▶ SUPPLIED MATERIAL:
◇ ◇ ◇ ◇ ◇ ◇ ◇
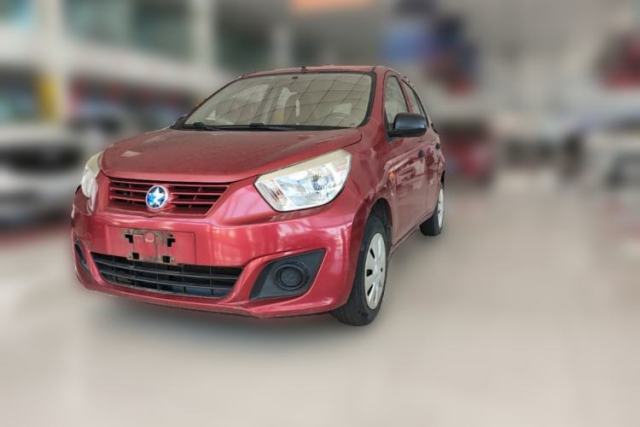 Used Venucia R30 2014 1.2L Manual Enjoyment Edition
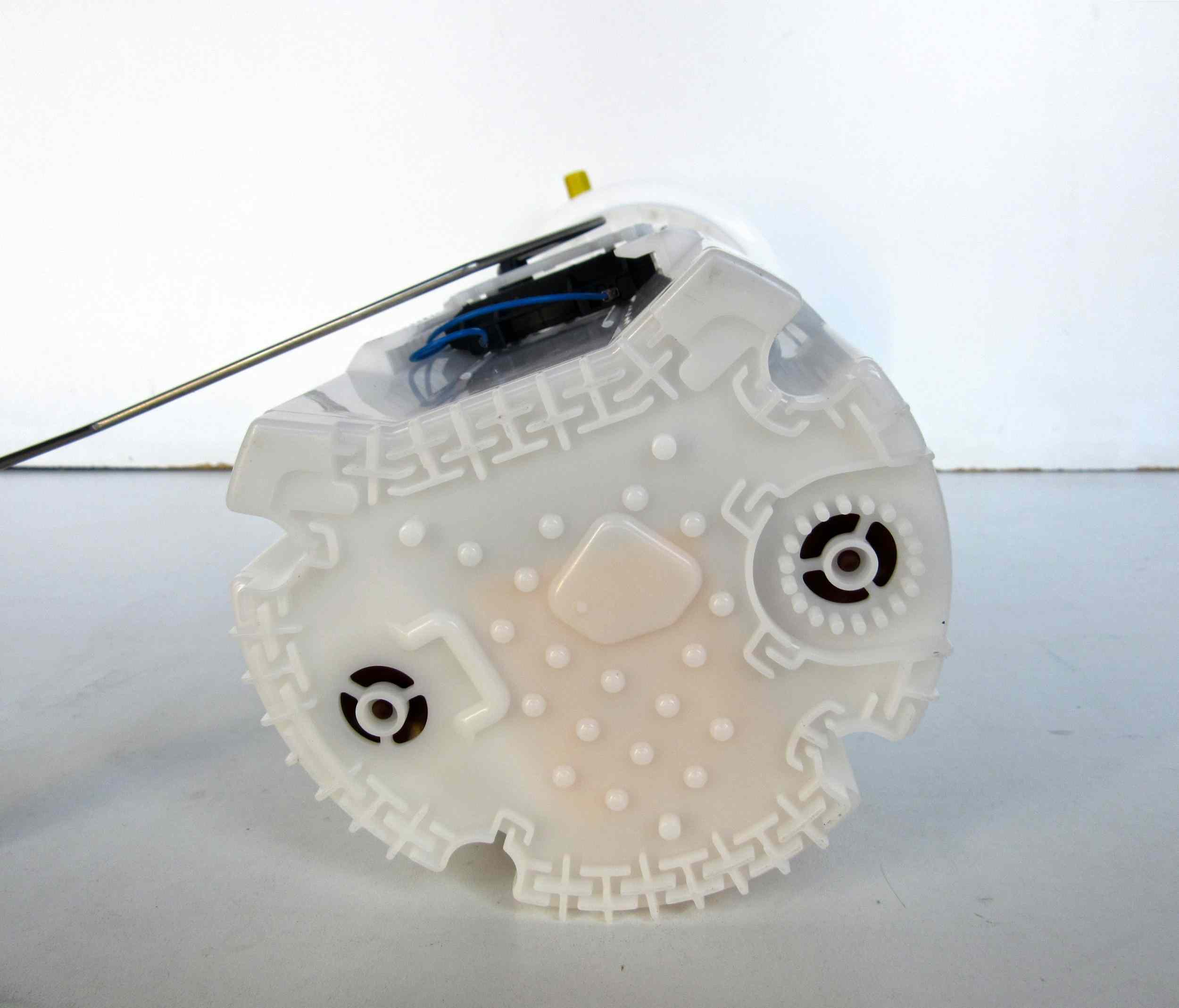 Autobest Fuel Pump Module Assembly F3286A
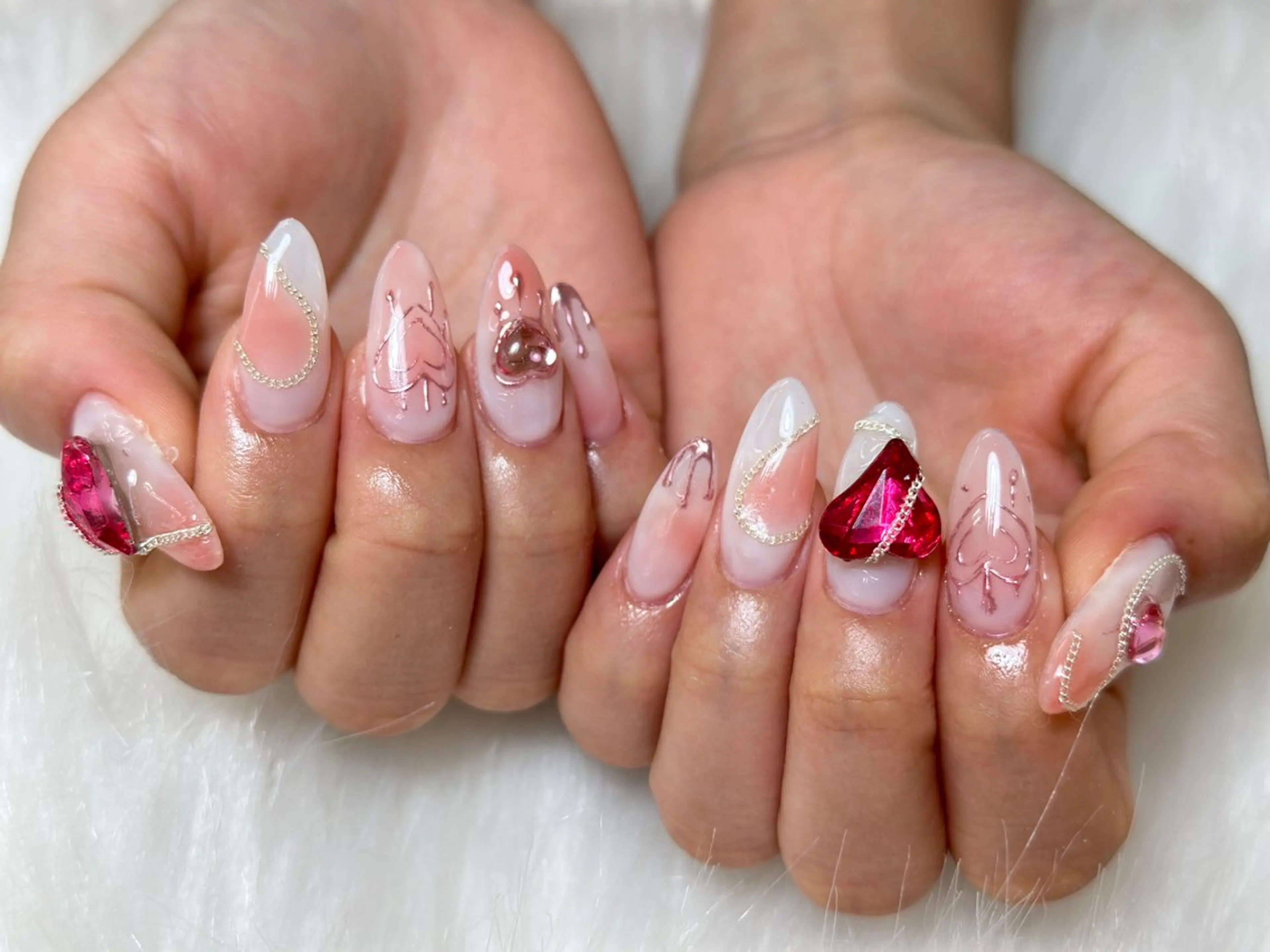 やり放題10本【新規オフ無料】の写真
◇ ◇ ◇ ◇ ◇ ◇ ◇
▶ WHAT THE TASK ASKS: An exact copy of the material above is required, free of any pictures.

▶ SOLVED PROBLEM:
 Used Venucia R30 2014 1.2L Manual Enjoyment Edition
 Autobest Fuel Pump Module Assembly F3286A
 やり放題10本【新規オフ無料】の写真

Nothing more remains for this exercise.